Record life insurance sales unable to close gap on required cover

The Insurance Report: A gap in perception reveals that the life assurance protection gap has risen to GBP 2 200 billion in terms of sum assured.

Swiss Re first calculated and published the UK life assurance

protection gap in November 2002, when it stood at around

GBP 2 000 billion. warns that, in the short term, there are no

signs that the trend towards a widening gap will be reversed.

This is despite an increasingly confident attitude amongst many

consumers towards buying insurance products.

The gap has been driven wider because of inflation, an increase

in the working population and an overall net reduction in in-force

individual cover since the gap was last calculated.
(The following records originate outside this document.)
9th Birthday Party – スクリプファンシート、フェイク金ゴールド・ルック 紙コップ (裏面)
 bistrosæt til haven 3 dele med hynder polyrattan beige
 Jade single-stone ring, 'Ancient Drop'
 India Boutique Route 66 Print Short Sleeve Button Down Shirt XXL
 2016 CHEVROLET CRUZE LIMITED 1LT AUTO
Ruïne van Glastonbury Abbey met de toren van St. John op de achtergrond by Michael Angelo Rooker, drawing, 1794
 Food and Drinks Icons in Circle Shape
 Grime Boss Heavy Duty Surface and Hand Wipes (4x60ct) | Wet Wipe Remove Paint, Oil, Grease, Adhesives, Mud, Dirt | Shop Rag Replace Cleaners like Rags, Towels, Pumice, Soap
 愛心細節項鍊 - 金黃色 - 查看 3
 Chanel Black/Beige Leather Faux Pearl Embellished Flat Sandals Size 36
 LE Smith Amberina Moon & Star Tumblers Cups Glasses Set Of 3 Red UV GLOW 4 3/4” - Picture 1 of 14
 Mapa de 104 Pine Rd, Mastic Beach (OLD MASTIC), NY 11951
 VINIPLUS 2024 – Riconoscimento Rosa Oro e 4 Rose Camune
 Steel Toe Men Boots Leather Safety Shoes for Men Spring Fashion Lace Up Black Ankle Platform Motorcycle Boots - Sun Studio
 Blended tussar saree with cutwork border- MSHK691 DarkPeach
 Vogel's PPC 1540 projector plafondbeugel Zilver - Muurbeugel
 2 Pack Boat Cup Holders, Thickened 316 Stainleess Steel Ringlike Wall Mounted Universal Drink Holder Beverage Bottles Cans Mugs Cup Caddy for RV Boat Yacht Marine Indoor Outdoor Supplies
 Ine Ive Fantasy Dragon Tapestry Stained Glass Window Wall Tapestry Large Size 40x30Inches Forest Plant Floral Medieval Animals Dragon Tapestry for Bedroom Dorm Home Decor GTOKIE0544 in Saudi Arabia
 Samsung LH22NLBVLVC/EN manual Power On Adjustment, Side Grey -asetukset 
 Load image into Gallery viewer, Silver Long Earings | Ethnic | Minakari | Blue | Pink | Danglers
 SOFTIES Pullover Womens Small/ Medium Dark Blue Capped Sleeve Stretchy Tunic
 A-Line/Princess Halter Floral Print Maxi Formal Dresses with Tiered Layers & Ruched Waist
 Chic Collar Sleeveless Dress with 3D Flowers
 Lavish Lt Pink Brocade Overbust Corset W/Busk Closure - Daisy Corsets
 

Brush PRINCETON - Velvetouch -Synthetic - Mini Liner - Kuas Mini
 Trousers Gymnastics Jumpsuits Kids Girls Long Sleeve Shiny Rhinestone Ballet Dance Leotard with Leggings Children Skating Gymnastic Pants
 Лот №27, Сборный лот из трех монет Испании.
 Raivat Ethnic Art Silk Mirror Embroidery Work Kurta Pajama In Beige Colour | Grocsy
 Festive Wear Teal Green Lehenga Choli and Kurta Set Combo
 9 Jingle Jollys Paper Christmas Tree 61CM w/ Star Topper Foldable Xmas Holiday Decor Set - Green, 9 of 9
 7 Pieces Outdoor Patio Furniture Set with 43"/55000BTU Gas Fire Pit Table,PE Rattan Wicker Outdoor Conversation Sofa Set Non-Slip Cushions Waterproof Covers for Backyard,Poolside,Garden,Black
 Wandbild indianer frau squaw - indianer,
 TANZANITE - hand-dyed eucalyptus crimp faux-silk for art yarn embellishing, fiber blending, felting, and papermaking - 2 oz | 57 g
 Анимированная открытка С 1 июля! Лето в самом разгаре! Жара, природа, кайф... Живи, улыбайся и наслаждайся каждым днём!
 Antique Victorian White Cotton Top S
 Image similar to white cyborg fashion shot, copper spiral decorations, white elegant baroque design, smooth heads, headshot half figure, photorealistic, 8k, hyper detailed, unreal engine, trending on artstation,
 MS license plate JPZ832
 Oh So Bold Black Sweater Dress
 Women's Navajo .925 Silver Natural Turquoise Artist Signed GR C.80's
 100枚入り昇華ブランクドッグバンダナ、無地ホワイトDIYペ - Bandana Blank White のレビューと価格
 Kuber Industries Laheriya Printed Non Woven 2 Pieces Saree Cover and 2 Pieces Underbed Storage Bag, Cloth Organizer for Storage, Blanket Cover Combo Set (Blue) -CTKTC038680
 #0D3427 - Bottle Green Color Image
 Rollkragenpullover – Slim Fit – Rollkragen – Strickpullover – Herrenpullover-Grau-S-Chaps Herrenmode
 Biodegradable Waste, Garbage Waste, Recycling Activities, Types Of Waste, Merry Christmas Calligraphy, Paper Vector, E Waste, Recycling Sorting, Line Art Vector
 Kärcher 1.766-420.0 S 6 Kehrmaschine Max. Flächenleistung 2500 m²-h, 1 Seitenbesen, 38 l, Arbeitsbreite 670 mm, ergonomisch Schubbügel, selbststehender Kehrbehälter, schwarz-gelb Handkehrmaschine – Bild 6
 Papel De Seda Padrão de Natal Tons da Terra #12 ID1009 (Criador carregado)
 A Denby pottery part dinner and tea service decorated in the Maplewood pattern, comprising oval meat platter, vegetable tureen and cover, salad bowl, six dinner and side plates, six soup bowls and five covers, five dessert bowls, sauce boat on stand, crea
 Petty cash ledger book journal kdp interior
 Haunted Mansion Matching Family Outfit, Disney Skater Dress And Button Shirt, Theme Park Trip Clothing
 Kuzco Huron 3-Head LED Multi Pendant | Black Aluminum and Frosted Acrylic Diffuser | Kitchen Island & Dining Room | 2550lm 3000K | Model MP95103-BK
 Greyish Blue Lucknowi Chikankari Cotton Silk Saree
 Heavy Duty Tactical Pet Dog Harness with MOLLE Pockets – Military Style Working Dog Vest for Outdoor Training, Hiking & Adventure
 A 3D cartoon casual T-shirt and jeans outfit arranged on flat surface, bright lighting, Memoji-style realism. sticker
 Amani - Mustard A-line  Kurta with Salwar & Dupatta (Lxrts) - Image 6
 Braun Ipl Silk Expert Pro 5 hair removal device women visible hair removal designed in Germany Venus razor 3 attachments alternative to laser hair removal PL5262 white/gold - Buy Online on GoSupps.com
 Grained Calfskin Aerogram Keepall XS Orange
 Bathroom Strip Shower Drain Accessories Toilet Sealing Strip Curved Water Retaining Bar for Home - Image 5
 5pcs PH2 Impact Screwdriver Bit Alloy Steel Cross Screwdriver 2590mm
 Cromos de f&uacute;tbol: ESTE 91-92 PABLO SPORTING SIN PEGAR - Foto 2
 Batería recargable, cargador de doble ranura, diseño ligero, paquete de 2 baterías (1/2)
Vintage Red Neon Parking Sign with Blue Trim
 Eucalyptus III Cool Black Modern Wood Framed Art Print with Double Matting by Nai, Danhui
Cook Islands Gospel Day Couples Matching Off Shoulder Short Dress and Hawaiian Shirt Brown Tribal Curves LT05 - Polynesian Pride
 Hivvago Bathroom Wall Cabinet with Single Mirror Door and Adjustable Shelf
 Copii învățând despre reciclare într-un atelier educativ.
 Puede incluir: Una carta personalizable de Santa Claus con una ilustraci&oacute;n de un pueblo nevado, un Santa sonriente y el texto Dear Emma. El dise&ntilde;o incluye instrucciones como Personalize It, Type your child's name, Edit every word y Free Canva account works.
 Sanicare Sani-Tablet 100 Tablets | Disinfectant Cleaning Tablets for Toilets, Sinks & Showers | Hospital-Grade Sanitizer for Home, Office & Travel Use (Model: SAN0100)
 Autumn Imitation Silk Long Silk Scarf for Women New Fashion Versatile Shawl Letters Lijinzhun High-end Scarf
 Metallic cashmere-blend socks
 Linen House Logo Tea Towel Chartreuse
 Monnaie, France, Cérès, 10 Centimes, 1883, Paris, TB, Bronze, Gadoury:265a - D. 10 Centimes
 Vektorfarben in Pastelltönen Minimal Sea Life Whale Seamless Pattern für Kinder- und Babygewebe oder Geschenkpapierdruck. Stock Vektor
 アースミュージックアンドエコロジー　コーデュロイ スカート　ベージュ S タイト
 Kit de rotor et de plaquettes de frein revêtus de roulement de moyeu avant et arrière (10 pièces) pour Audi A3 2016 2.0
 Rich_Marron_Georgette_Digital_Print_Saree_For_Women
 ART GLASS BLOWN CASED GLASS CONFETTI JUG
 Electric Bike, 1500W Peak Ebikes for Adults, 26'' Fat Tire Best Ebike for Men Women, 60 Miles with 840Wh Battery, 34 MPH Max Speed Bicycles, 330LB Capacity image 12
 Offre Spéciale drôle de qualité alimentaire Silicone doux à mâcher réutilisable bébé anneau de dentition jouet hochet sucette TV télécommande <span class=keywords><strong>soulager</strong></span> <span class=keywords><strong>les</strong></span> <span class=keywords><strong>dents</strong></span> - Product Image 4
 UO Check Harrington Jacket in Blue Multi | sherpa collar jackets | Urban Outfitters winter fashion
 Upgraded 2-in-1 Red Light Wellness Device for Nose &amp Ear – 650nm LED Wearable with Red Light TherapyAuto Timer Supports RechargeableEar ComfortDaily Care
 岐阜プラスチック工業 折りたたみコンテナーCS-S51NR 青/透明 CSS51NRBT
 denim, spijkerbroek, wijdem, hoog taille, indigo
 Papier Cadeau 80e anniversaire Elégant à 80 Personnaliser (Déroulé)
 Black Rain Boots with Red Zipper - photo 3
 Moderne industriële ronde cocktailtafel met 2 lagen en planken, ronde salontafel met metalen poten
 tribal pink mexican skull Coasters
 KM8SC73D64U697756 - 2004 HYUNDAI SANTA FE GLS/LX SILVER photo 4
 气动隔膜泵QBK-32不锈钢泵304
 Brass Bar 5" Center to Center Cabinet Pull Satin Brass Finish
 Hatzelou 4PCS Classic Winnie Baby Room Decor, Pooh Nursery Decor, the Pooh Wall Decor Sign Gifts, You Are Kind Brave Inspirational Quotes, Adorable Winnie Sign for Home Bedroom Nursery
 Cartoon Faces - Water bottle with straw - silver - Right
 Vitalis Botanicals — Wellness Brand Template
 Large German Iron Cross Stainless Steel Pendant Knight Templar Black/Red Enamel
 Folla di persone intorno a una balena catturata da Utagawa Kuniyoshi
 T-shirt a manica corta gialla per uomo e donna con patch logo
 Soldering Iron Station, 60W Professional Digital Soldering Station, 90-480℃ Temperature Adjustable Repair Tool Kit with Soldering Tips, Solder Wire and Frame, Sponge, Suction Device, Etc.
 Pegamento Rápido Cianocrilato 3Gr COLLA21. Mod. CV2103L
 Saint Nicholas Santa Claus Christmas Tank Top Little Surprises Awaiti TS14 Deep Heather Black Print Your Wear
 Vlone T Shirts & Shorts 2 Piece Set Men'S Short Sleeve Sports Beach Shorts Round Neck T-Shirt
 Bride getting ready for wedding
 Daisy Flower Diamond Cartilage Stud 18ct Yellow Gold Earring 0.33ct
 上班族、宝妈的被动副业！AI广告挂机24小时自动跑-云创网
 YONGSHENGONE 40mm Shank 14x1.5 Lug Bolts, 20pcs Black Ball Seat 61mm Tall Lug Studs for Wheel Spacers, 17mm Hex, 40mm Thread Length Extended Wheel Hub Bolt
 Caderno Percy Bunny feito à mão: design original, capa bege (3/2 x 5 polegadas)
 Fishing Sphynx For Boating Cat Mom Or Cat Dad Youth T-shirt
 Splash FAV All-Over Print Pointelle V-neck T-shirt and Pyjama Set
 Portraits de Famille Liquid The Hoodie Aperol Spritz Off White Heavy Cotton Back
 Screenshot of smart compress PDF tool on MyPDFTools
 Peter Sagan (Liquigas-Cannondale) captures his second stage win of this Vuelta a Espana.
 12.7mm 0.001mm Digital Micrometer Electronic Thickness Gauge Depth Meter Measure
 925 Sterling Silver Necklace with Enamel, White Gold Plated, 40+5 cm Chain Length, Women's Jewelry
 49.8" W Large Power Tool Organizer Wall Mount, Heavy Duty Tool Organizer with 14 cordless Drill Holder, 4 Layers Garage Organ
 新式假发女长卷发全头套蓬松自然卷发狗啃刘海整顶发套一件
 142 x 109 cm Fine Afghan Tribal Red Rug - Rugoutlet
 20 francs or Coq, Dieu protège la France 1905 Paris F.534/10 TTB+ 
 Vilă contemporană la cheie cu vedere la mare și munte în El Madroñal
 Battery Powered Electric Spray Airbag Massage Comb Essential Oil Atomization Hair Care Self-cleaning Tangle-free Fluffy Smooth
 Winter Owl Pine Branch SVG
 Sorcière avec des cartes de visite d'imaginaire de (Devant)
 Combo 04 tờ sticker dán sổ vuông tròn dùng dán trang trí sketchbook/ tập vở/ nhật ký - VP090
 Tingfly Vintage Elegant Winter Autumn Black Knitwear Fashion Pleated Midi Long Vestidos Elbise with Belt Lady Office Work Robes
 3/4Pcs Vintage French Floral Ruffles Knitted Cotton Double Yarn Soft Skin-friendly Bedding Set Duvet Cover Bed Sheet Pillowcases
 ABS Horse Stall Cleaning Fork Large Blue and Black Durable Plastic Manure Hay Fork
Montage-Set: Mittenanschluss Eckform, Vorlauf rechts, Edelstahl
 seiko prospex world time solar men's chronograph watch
This decrease is due to a greater sum-assured amount of business lapsing, expiring or paying claims than the amount of new business coming onto insurers’ books.

Swiss Re warns that the gap may increase further when new UK

rules covering advice given for protection sales come into force

in January 2005. It is generally accepted that the number of

people advising on or arranging insurance will fall once products

such as term assurance come under the Financial Services

Authority’s incoming regulatory framework. This, the study says,

will have a harsh impact on those with low to middle incomes,

with whom it is least economic for financial advisers to deal.

Swiss Re study: life cover shortfall amongst UK consumers increases to GBP 2 200 billion; corporate life and income protection gaps also demonstrate need for action.

Affordable face-to-face financial advice is key

The report suggests that the key to resolving the disparity

between in-force cover and consumers’ protection needs lies in

the delivery of financial advice. Consumers display a general

reluctance to pay for advice, and intermediaries are generally

unwilling to handle business for the type of fee that most

consumers appear willing to pay [see chart below]. This is at

odds with a preference amongst the population at large to be

guided on their financial purchases on a face-to-face basis.

More than 1 000 consumers took part in Swiss Re’s benchmark

survey, around three quarters of whom expressed a preference

for advice in person.

Swiss Re asked: How much would you be prepared to pay for advice? (in GBP)

Further solutions

Swiss Re believes that a further contributor to resolving the life

assurance protection gap lies in marketing and distribution via

the workplace. The report recognises, however, that the

difficulties of differentiating individual products from group

products provided via employers can be a barrier to successfully

penetrating this area. A further boost to sales may lie in a

simplification of the ‘fact-find’ process to encourage consumers

to engage more readily with the industry. In addition, the

consumer survey revealed a high degree of support (57%) for

compulsory life insurance for people who can afford it. The

scope for improved financial education for the young is also

explored in the report.

Corporate life protection gap

The Insurance Report builds on Swiss Re’s protection gap

analysis by examining, for the first time, the UK shortfall of

corporate life protection cover. So-called ‘key man’ cover differs

from regular group life cover in that it is designed to protect

companies from the financial consequences of losing a person

who is critical to the success of their operation, rather than the

employee’s dependents.

Swiss Re’s research amongst businesses with up to 100

employees in the United Kingdom found that more than 60%

employ people whose continued presence is critical to their

business. However, only around 5% of companies are believed

to have key man cover in place. Swiss Re estimates that there is

a corporate life protection gap of GBP 300 billion, measured by

sum assured.

Call for capital

In combination, the gaps in individual life protection cover and

corporate life cover add up to GBP 2 500 billion. The report

considers the issues faced by life insurers in seeking to address the UK’s collective need for additional cover. To close these gaps, the industry would require an injection of capital of some GBP 7.5 billion in order to meet initial solvency requirements.

The availability of sufficient shareholder capital could, Swiss Re

warns, be an obstacle to bridging the life protection gaps.

Income protection gap.

Previous research by Swiss Re – published in March 2003 –

estimated that the gap between UK in-force income protection

(IP) cover and the amount technically required to protect income

in the case of prolonged disability was GBP 130 billion in annual

benefit.

The Insurance Report shows that the income protection gap has

now risen to at least GBP 150 billion. This is due to an increased

number of full-time employed people and growth in earnings

overall, coupled with modest new business sales of individual IP, the majority of which covers a mortgage commitment rather

than providing full protection of income.

Stakeholder challenges

In publishing the Insurance Report, Swiss Re seeks to persuade stakeholders in the UK’s direct life insurance market of the challenges involved in ensuring that UK consumers are

adequately protected.

“The challenge facing government, regulators and the industry

will be to deliver a proposition which balances consumer

interests with costs. The industry itself will need to display more

openness in its dealings than ever before,” says Mark Johnson,

Head of Marketing for Swiss Re Life & Health Limited.